酸性の土壌を好むため、専用の培養土を使用します。ブルーベリーは根を浅く張る性質があり乾燥に弱いため、特に夏の高温期は水切れに注意が必要です。夏場は朝夕の涼しい時間に土の様子を見てたっぷり水を与えるなど、こまめな水分管理をしてあげましょう。
ブルーベリーは自分の花粉では受粉しにくい性質があるため、基本的には「同じ系統の異なる品種」を2本以上一緒に育てます。お互いの花粉で受粉させることで、実つきが格段に良くなりますよ。
1鉢だけで楽しみたい場合は、サザンハイブッシュ系の「サンシャインブルー」など、特に自家結実性の高い品種を選ぶとスムーズです。
※参考価格:1000円前後(5号ポット苗)
3. まとめにかえて
自宅で愛情を込めて育てた果実を味わう体験は、市販のものとは一味違う特別な喜びがあります。
最初のうちは思い通りに実がつかないこともあるかもしれませんが、植物の個性に合わせてお世話をし、少しずつコツを掴んでいく過程も、植物を育てる奥深さでもあります。
ぜひご自身の環境に合った果樹を見つけて、自家製フルーツの収穫を楽しんでみてくださいね。

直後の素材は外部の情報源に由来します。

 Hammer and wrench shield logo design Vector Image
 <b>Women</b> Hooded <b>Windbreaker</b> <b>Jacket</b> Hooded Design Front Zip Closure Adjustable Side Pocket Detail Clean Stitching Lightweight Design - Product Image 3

4. 【ガーデニング豆知識】植木鉢の号数とサイズ一覧
さいごに、植木鉢の号数とサイズも確認しておきましょう。
植木鉢の号数とサイズ6/9
出所:LIMO編集部作成
植木鉢のサイズは直径3㎝刻みです。
- 3号鉢…直径9㎝
- 3.5号鉢…直径10.5㎝
- 4号鉢…直径12㎝
- 5号鉢…直径15㎝
- 6号鉢…直径18㎝
これより大きな鉢も、鉢の号数×3が直径です。
植物に対して植木鉢のサイズが小さすぎると根が詰まり、水や肥料を吸収しづらくなってしまいます。反対に鉢サイズが大きすぎると鉢内の水が乾きにくくなり、根腐れやコバエ発生の原因に。
植え替えの際は、元の鉢サイズよりも1、2号大きいサイズの鉢に植え替えるとよいでしょう。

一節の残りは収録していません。